I remember my father as being a very loving man but also a very stubborn man. He knew what he wanted in his home and insisted that he got it. We children knew that swift consequences would come if his rules weren’t obeyed. He was stern about the music played in our home. Certain standards had to be met. Back when I was young, music came on flat, round discs called ‘records’. (I’m sure most of your know what they are. I’m just describing them for you young whippersnappers) They were expensive and breakable. Dad didn’t hesitate to break any record that came into our home that had vulgar language or questionable morals. As a teenager, it didn’t seem all that important to me that a few four-letter words might be found in the music I listened to. As an adult, I realize that it matters what music you listen to! Music has been with us since time began.  Birds were singing happy morning songs, breezes were blowing gentle harmony, hurricanes were pounding angry symphonies for as long as man has been in existence.  Man heard and imitated all of this.  The type of music we sang reflected our emotions.  Anger was in deep pounding bases, or sometimes high discordant notes.  Love was a gentle, tender, compelling song; hopelessness a steady monotone beat.  Today our music comes to us in every conceivable way.  Country singers tell of love lost or betrayed, rap music angrily denounces society and flaunts it’s rebellion with language and attitudes most find offensive.  Heavy metal and rock pushes the limits bringing a feeling of anger and discord.  So-called popular music appeals more to the masses and speaks of love, anger, loneliness, etc that most can identify with.

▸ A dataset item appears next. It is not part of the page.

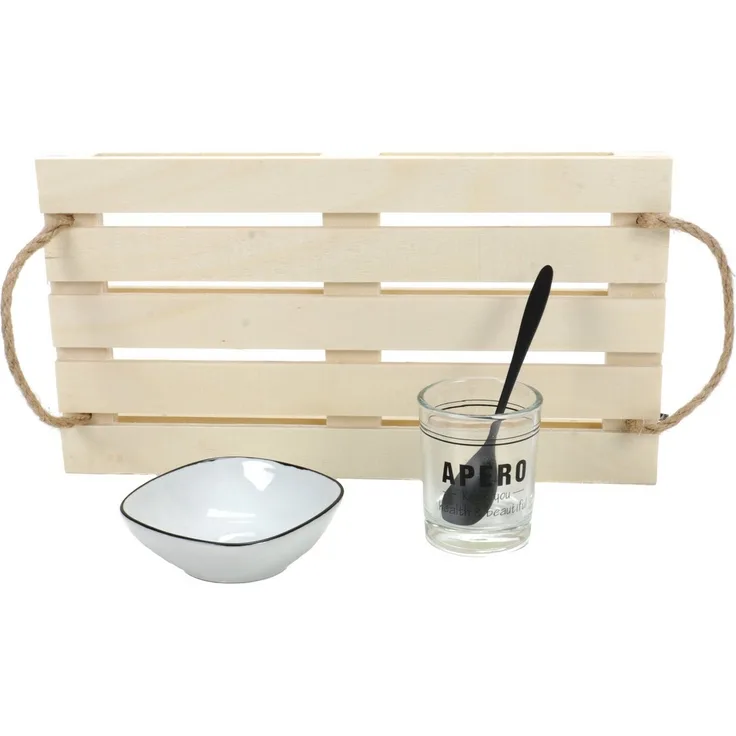 Bubble-Store Snackschale 10-teiliges Appetizer Set, Holz, Glas, Keramik, (Tablett, Schalen, Gläser), Snackschale-Set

Why is all this important today? Because our attitudes and our emotions are influenced by the music we listen to.  Man was meant to have a song.  That song can lift you up or it can bring you down. It can express your anger or offer your forgiveness. It can influence how we think and what we do. More importantly, it can take the feelings you have and swell them to irrational highs or lows.  It is not a coincidence that crime and violence are rampant in areas where angry rap music is prevalent. It is not a coincidence that an infant falls into a restful sleep at the sound of a lullaby. It is not a coincidence that we feel uplifted at the sounds of Handel’s Messiah. It’s important for us and our families that we take stock of the music in our homes. When our children are singing songs with words that say ‘I want to start a fight’, it’s time to sit up and take notice. Do we want our homes to express that attitude? Or do we want our homes to express love and acceptance. Whatever we want in our families, we need to find the right accompaniment. And, as my father used to do, we need to throw out the trash.